Petrobras and other gas-to-wire producers seek an exemption from the proposed rules governing local pipeline services, as they want to avoid yet another layer of red tape. Secretary of Gas and Petroleum Marcio Felix announced last week that conversations are under way with producers and distributors to overcome such regulatory challenges and “surgically” amend the proposed Gas Law for a congressional vote in May 2018. Federal Deputy Marcus Vicente, a Progressive Party (PP) member from the state of Espirito Santo, is sponsoring the bill. He and Secretary Felix will need to work together in the coming months to ensure that the president of the Senate, Eunicio Oliveira, agrees to a floor vote. (In early December, Oliveira adjourned the Senate without considering the new legislation.)
The natural gas market liberalization initiative also impacts Petrobras’ efforts to negotiate partnerships to mitigate the costs of modernizing the company’s refineries. The NOC has not yet adopted a clear JV or shareholding model, but discussions continue among prospective partners. Petrobras owns 14 refineries and retains control of nearly all of the nation’s installed capacity. Last July, the company announced discussions to form a partnership with China National Petroleum Corporation (CNPC) regarding the Rio de Janeiro refinery (COMPERJ).

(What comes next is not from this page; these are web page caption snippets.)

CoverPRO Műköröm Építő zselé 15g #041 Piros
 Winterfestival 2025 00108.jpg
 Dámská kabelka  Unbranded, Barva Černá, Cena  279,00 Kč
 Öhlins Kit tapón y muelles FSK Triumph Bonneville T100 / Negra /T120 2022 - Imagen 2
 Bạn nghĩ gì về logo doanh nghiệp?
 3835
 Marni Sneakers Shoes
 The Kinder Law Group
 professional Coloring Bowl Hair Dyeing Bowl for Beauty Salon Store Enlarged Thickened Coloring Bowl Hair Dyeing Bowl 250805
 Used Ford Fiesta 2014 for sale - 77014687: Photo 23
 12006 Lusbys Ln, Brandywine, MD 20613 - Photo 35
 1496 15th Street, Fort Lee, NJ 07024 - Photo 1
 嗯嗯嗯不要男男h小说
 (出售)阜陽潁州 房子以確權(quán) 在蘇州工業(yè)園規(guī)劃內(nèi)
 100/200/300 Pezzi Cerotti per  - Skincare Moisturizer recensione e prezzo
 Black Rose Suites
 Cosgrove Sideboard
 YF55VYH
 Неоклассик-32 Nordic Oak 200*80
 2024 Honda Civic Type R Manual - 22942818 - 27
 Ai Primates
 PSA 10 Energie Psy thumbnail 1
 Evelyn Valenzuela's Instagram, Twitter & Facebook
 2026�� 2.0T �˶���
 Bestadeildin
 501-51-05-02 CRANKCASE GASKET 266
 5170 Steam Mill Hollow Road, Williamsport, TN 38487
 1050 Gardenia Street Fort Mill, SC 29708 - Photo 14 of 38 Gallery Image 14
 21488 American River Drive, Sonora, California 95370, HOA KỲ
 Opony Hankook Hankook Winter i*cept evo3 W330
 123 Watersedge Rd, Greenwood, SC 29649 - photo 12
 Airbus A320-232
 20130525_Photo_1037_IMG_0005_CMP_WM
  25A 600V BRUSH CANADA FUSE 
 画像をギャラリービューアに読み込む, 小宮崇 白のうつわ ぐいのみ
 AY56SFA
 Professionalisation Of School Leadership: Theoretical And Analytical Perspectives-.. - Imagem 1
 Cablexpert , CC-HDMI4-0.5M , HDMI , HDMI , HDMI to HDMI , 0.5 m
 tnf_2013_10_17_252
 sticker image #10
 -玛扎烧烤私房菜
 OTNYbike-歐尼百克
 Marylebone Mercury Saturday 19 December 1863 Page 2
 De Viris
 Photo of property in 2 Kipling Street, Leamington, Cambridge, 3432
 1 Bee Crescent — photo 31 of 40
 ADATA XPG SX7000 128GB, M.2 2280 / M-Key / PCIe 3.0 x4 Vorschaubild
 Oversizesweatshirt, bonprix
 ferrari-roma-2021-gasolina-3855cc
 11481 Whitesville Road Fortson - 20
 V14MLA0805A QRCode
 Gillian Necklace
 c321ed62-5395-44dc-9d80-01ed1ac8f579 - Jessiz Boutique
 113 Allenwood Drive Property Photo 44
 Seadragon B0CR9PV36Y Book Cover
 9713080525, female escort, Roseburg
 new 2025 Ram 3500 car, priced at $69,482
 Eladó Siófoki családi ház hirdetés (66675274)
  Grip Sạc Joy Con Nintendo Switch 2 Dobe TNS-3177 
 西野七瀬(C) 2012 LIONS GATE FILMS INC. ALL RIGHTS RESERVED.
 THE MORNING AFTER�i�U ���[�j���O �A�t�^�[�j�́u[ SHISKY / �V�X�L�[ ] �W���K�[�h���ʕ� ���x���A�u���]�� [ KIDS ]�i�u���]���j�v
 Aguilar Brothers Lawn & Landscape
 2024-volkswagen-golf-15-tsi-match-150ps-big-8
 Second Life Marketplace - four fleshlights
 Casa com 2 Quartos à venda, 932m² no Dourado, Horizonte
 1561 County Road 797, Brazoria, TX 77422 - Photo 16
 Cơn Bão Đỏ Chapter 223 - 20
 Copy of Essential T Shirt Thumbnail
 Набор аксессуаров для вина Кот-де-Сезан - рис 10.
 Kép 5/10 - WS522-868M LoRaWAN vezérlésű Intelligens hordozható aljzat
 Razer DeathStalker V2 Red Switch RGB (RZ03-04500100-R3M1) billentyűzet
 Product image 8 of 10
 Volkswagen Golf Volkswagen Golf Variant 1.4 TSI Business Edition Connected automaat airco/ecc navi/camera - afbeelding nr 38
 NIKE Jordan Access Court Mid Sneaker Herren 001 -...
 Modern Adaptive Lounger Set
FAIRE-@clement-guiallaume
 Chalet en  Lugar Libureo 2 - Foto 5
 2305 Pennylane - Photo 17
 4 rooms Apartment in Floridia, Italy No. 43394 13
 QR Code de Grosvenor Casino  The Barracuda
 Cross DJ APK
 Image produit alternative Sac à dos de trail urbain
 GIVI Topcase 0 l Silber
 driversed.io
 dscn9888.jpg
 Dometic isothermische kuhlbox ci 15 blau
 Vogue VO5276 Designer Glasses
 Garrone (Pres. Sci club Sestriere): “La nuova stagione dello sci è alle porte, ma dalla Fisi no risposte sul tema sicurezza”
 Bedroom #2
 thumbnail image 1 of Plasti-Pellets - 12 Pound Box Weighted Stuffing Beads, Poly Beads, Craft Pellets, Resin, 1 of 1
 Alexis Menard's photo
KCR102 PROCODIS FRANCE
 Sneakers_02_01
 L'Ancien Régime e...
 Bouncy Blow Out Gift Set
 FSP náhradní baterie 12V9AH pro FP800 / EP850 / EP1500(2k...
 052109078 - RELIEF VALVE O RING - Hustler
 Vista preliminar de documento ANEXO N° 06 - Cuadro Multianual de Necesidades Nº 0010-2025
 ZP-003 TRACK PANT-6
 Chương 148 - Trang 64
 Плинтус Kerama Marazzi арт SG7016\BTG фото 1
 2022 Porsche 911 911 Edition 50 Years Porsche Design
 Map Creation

A massive overhaul and expansion of the petrochemical plant was suspended when investments were halted in 2015, but the Chinese firm would supposedly finance the process’ final stages. COMPERJ’s expansion is aimed at meeting the upward consumption of diesel fuel, naphtha, jet fuel, coke and LPG. Last week, Petrobras CEO Pedro Parente announced that discussions were being finalized with Chinese investors to “inject capital” into the complex; the NOC signed a $590mn contract with Chinese firm Shandong Kerui Petroleum to finish construction of COMPERJ’s natural gas processing unit.
Petrobras is also studying the possible sale of shares of six refineries, including Landulpho Alves (Rnest) in the state of Bahia, Alberto Pasqualini (Refap) in Rio Grande do Sul, Presidente Getulio Vargas (Repar) in Parana, Duque de Caixas (Reduc) in Rio de Janeiro, Gabriel Passos (Regap) in Minas Gerais, and the newly constructed Abreu e Lima refinery in Pernambuco. These six facilities refine nearly half of all domestic gasoline and diesel production. Notably, the construction of Abreu e Lima and the expansion of COMPERJ were both subjects of the Lava Jato corruption investigations; massive contractor malfeasance was exposed, as were procurement kickbacks to Petrobras directors and political parties.